> _Exercise requirements_: Take the listing below and write it out again exactly, skipping any picture that it holds.

> _Dataset extract_:
Content starts

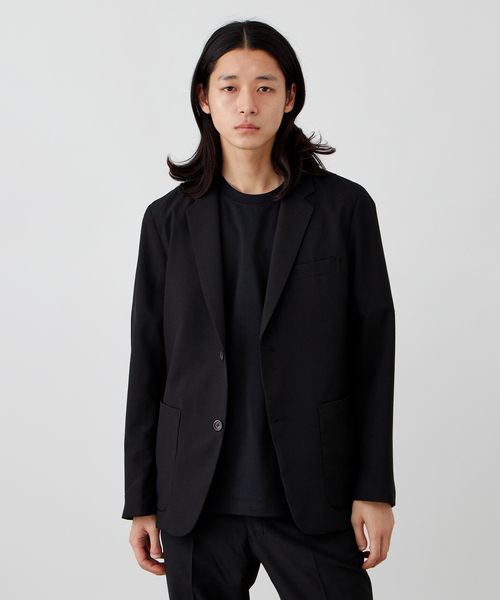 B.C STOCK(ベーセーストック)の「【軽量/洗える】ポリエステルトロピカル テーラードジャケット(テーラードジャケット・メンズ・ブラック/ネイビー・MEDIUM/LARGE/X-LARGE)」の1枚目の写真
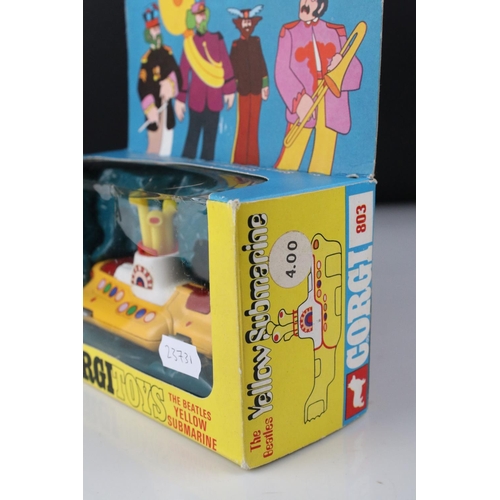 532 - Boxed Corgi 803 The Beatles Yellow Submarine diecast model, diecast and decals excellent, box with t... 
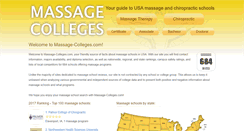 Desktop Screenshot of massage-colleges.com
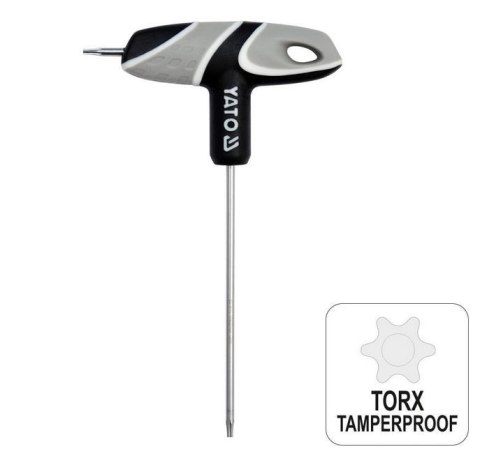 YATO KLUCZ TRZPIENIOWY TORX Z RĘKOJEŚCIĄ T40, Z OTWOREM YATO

Content ends

> _Solved problem_:
 B.C STOCK(ベーセーストック)の「【軽量/洗える】ポリエステルトロピカル テーラードジャケット(テーラードジャケット・メンズ・ブラック/ネイビー・MEDIUM/LARGE/X-LARGE)」の1枚目の写真
 532 - Boxed Corgi 803 The Beatles Yellow Submarine diecast model, diecast and decals excellent, box with t... 
 Desktop Screenshot of massage-colleges.com
 YATO KLUCZ TRZPIENIOWY TORX Z RĘKOJEŚCIĄ T40, Z OTWOREM YATO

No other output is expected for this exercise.